Foi o Metálica uma das primeiras
grandes bandas metaleiras a ter seus integrantes com cabeças depiladas.
Mas se me permitem uma opinião, devo
dizer que com as bandas envelhecendo não é raro encontrar roqueiros calvos, a
velhice chega para todos e o que fica pelo caminho é a lembrança das madeixas
que foram. Inclusive pra você que agora lê e vê seus cabelos crescerem
sentindo-se poderoso por ser um contestador, um verdadeiro roqueiro.
Mas muito shampoo e intensa briga com
os pais depois, será que você já se questionou a respeito do motivo que levou o
primeiro roqueiro a ter seu cabelo crescido?
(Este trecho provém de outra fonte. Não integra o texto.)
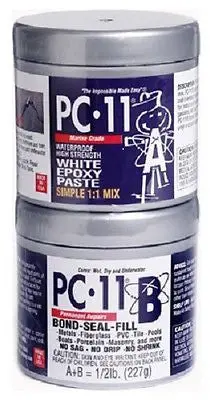 (2) Ea 160114 Pc-11 1 Lb High Strength Waterproof Marine Grade White Epoxy 1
Entretanto é esta a história que
explica o cabelo comprido balançando de Janis Joplin, Jim Morrison, Bono Vox
(dos anos 80), Europe, Iron Maiden, Queen, The Who, Sepultura, Motorhead,
muitos, muitos, quase todos, até nosso Paulo Ricardo de ombreiras e olhar 43 a
enlouquecer as menininhas de outrora, matriarcas de famílias de hoje.
Falando sério, um cara no palco com
uma guitarra nos braços e cabelo curto quase pensamos em jazz, blues e afins,
talvez um engomadinho de terno da banda de apoio do Frank Sinatra.
Eu sei, estou reproduzindo
estereótipos, mas é assim que vemos o mundo, temos que questionar e foi o que
os roqueiros começaram a fazer nos anos 90, 2000 e adiante. Talvez essa
confissão não impressione a ninguém, mas para mim foi um choque quando o
Sepultura cortou o cabelo, o Metálica, outros e outros. Eu, que nunca tive
cabelo comprido, senti que o rock começava a morrer, se esfacelar com as
tranças do metal.
Essa história de cabelo começou com a
II Guerra Mundial. Os primeiros roqueiros eram filhos de soldados aleijados,
proletários, pobres e que sofriam na pele as consequências do fim da guerra.
Muitos órfãos sem a menor condição de ascender socialmente, não à toa essa é a
história de John Lennon, órfão de pai, abandonado pela mãe vivendo a infância
na Inglaterra do pós-guerra.
Sabemos que as gerações mais jovens
buscam questionar as anteriores, o cabelo comprido é a perfeita antítese do
soldado dizendo “sim senhor”.
Dizer “não senhor”, e não cortá-lo
era uma maneira de se afirmar como ser pensante e questionar o Estado. Não por
acaso no musical “Hair”, que retrata com muita simpatia os hippies dos anos 60,
o personagem se entrega pra morte num campo de batalha, não sem antes ter seu
cabelo cortado, perdendo assim sua identidade hippie – o estereótipo do
roqueiro dos 60. Assim como a primeira cena do filme de Stanley Kubrick “Full
Metal Jacket” em que vários jovens têm seu cabelo raspado ao chegar numa base militar.
Cabelo caindo, identidade se esvaindo.
Por que o roqueiro tinha o cabelo
longo nos anos 60 e 70? Outra guerra surgiu, o Vietnã levava jovens carecas às
trincheiras com um rifle nas mãos, olhar infantil e sensação de medo.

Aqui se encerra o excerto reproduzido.